SELECT ltrim('     Hello World') AS result

+-----------+
|     result|
+-----------+
|Hello World|
+-----------+



In [22]:
%%sql

SELECT rtrim('     Hello World       ') AS result

+----------------+
|          result|
+----------------+
|     Hello World|
+----------------+



In [23]:
%%sql

SELECT length(trim('     Hello World       ')) AS result

+------+
|result|
+------+
|    11|
+------+



Let us understand how to use padding to pad characters to a string.

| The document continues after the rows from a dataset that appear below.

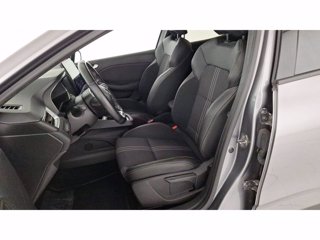 RENAULT Clio 5 Porte 1.6 E-Tech full hybrid 145cv E-Tech E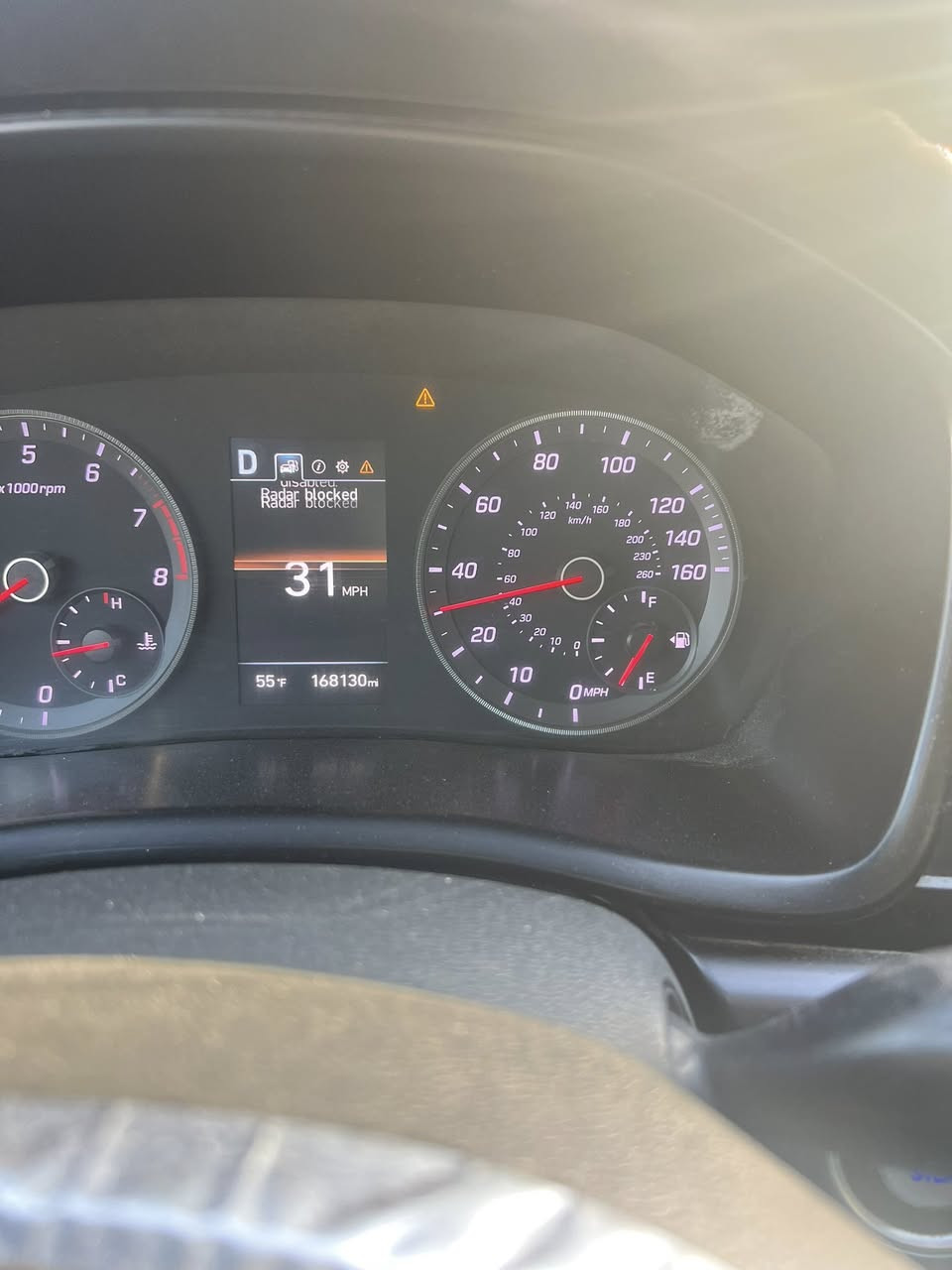 السلام عليكم
جمسي يوكن 2024  slt 

مكفولة رقم اربيل

ماشية ٥٧ الف 

ضمان وكالة المنصور 

530$

مغلفه ppf
***********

* Let us assume that there are 3 fields - year, month and date which are of type integer.
* If we have to concatenate all the 3 fields and create a date, we might have to pad month and date with 0.
* `lpad` is used more often than `rpad` especially when we try to build the date from separate columns.

In [24]:
%%sql

SELECT 2013 AS year, 7 AS month, 25 AS myDate

+----+-----+------+
|year|month|myDate|
+----+-----+------+
|2013|    7|    25|
+----+-----+------+



In [25]:
%%sql

SELECT lpad(7, 2, 0) AS result

+------+
|result|
+------+
|    07|
+------+



In [26]:
%%sql

SELECT lpad(10, 2, 0) AS result

+------+
|result|
+------+
|    10|
+------+



In [27]:
%%sql

SELECT lpad(100, 2, 0) AS result

+------+
|result|
+------+
|    10|
+------+



### Reverse and Concatenating multiple strings

Let us understand how to reverse a string as well as concatenate multiple strings.
* We can use `reverse` to reverse a string.
* We can concatenate multiple strings using `concat` and `concat_ws`.
* `concat_ws` is typically used if we want to have the same string between all the strings that are being concatenated.

In [28]:
%%sql

SELECT reverse('Hello World') AS result

+-----------+
|     result|
+-----------+
|dlroW olleH|
+-----------+



In [29]:
%%sql

SELECT concat('Hello ', 'World') AS result

+-----------+
|     result|
+-----------+
|Hello World|
+-----------+



In [30]:
%%sql

SELECT concat('Order Status is ', order_status) AS result
FROM orders LIMIT 10

+--------------------+
|              result|
+--------------------+
|Order Status is C...|
|Order Status is P...|
|Order Status is C...|
|Order Status is C...|
|Order Status is C...|
|Order Status is C...|
|Order Status is C...|
|Order Status is P...|
|Order Status is P...|
|Order Status is P...|
+--------------------+



In [31]:
spark.sql("""
    SELECT concat('Order Status is ', order_status) AS result
    FROM orders_part LIMIT 10
""").show(false)

+-------------------------------+
|result                         |
+-------------------------------+
|Order Status is CLOSED         |
|Order Status is PENDING_PAYMENT|
|Order Status is COMPLETE       |
|Order Status is CLOSED         |
|Order Status is COMPLETE       |
|Order Status is COMPLETE       |
|Order Status is COMPLETE       |
|Order Status is PROCESSING     |
|Order Status is PENDING_PAYMENT|
|Order Status is PENDING_PAYMENT|
+-------------------------------+



In [32]:
%%sql

SELECT * FROM (SELECT 2013 AS year, 7 AS month, 25 AS myDate) q

+----+-----+------+
|year|month|myDate|
+----+-----+------+
|2013|    7|    25|
+----+-----+------+



In [33]:
%%sql

SELECT concat(year, '-', lpad(month, 2, 0), '-',
              lpad(myDate, 2, 0)) AS order_date
FROM
    (SELECT 2013 AS year, 7 AS month, 25 AS myDate) q

+----------+
|order_date|
+----------+
|2013-07-25|
+----------+



In [34]:
%%sql

SELECT concat_ws('-', year, lpad(month, 2, 0),
              lpad(myDate, 2, 0)) AS order_date
FROM
    (SELECT 2013 AS year, 7 AS month, 25 AS myDate) q

+----------+
|order_date|
+----------+
|2013-07-25|
+----------+